Please reproduce the entries below exactly from the line with "3f3b0e68-68a8-49f7-81a2-4a5be9dfa74c" through their last line, leaving out any pictures.

++++++++

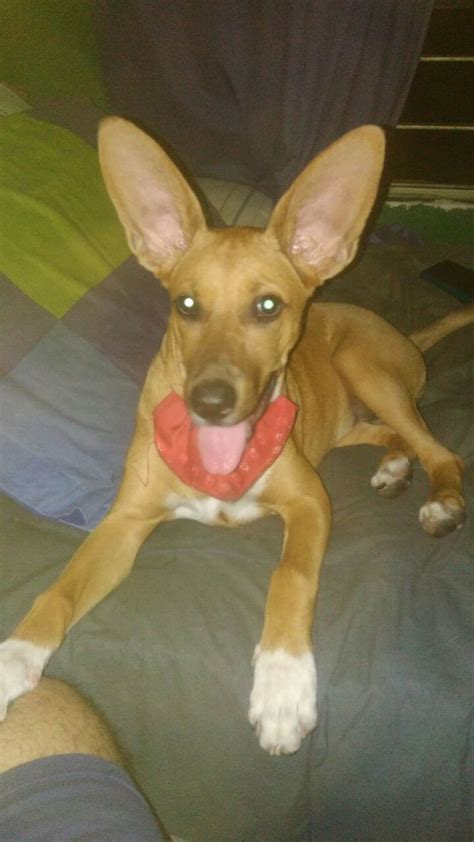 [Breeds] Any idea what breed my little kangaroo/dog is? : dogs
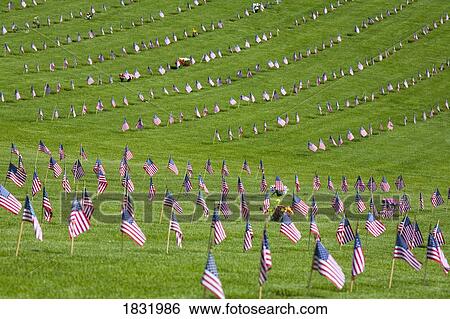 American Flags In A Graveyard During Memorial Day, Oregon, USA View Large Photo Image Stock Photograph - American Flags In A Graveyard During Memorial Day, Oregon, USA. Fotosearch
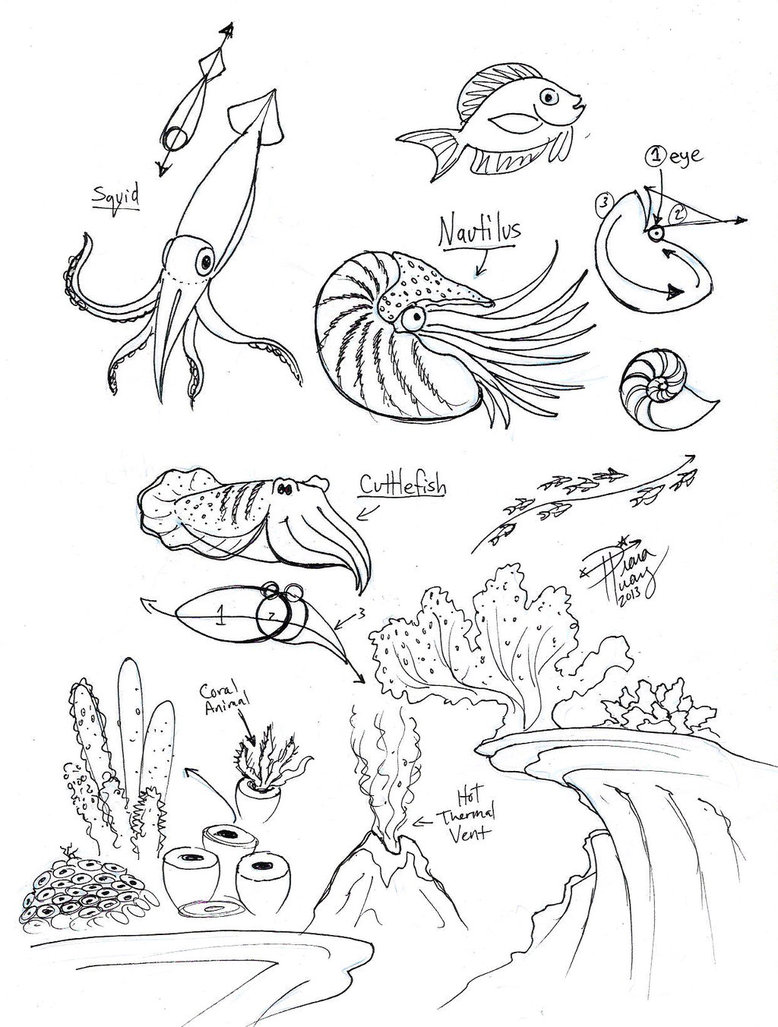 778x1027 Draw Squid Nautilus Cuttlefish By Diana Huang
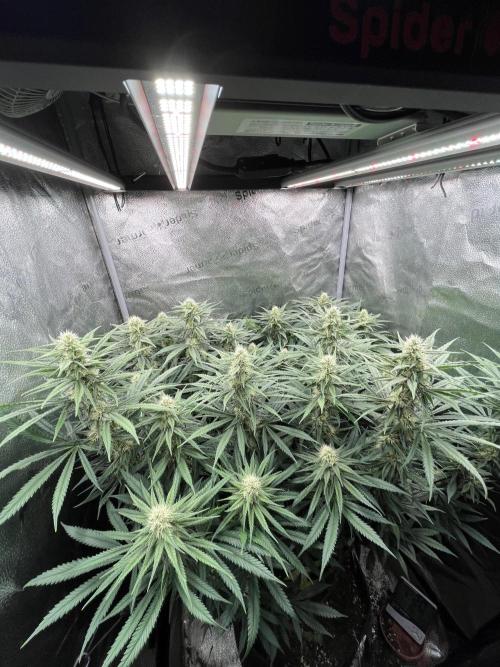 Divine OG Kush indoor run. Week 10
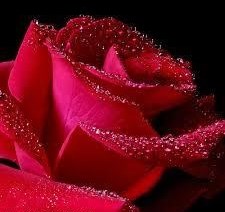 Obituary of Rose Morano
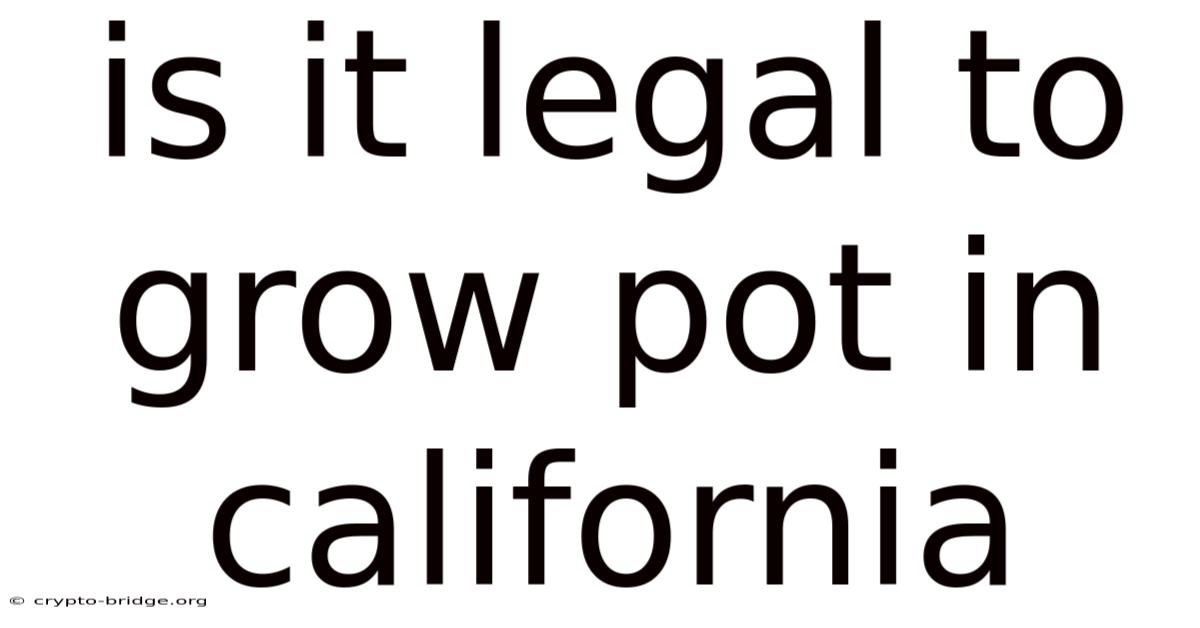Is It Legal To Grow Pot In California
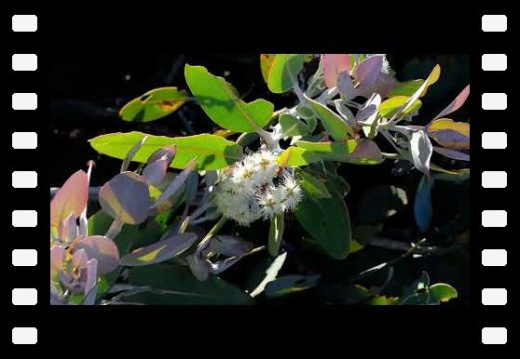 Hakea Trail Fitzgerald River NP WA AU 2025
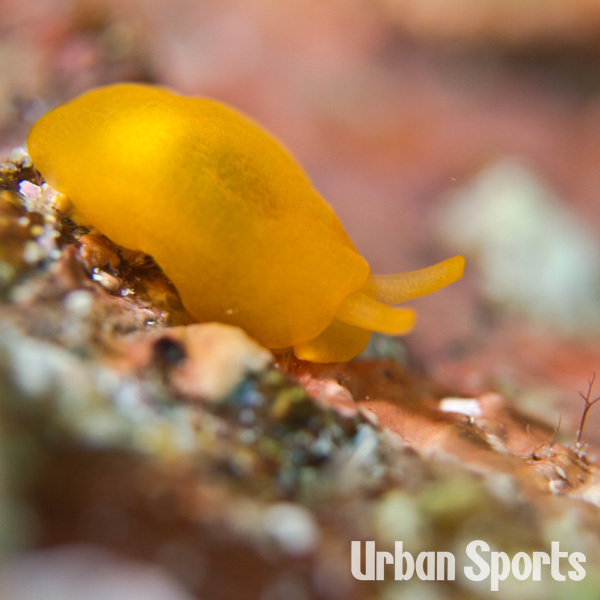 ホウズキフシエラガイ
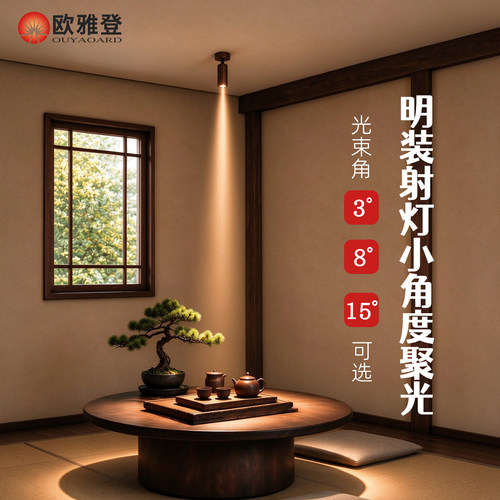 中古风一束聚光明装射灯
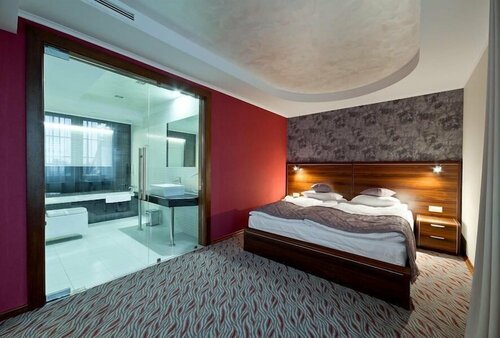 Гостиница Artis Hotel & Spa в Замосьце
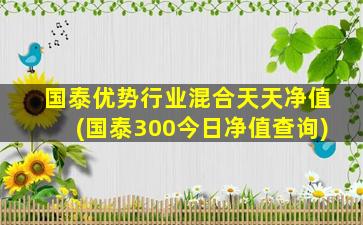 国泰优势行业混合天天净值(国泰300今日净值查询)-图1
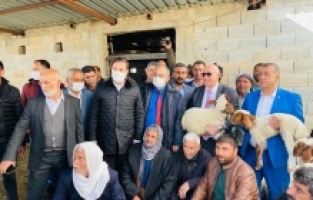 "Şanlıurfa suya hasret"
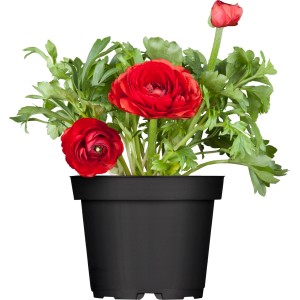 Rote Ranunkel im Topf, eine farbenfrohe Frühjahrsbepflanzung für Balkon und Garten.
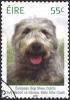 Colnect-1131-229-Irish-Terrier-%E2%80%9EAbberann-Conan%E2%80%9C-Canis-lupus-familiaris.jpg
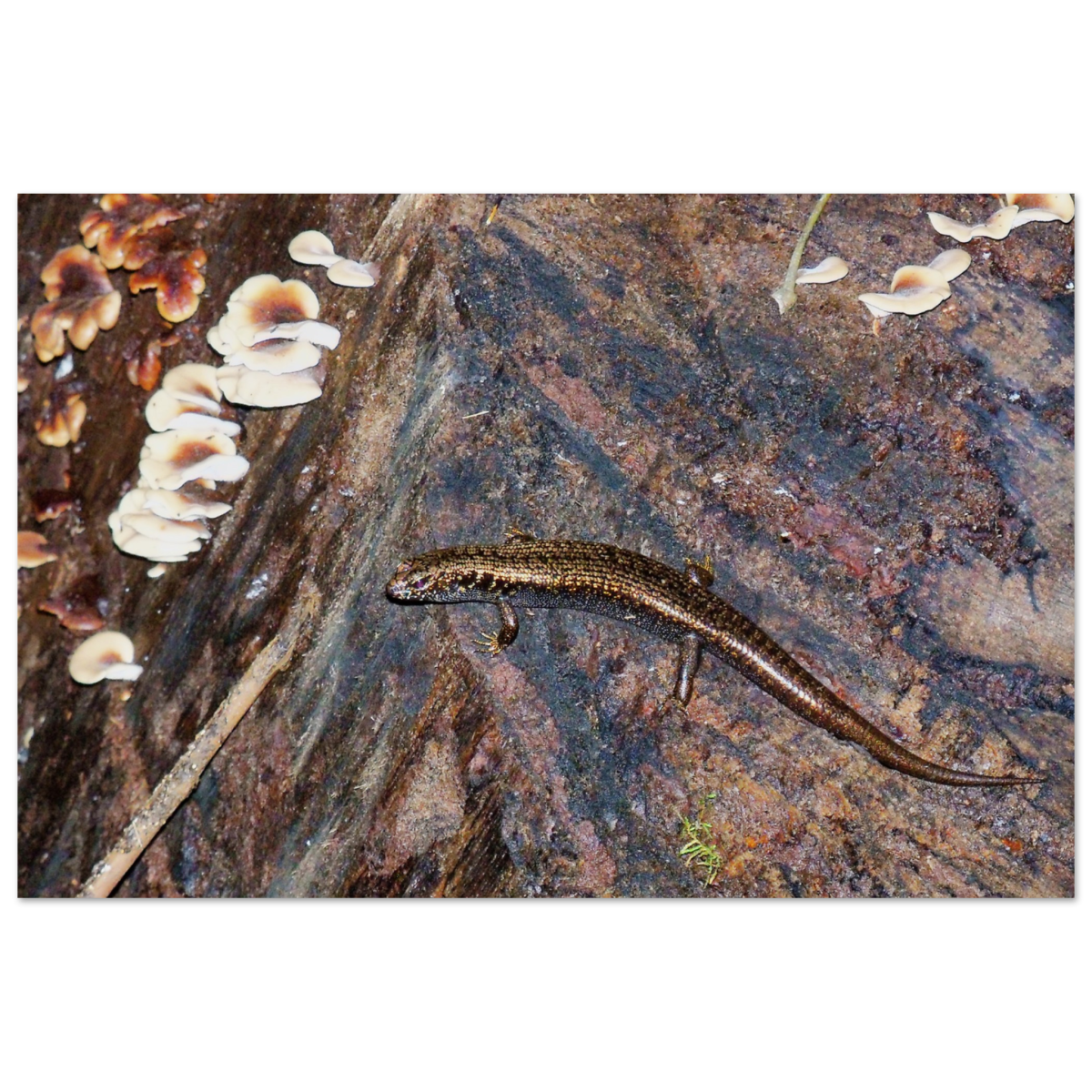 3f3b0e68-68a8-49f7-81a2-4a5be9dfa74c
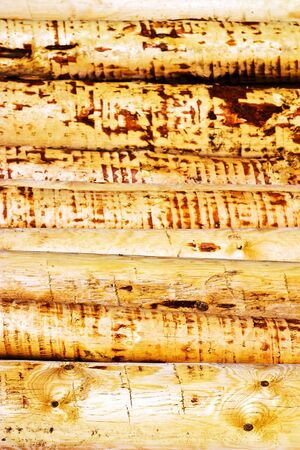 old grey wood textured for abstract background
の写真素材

++++++++

## [EXERCISE ANSWER]
 3f3b0e68-68a8-49f7-81a2-4a5be9dfa74c
 old grey wood textured for abstract background
の写真素材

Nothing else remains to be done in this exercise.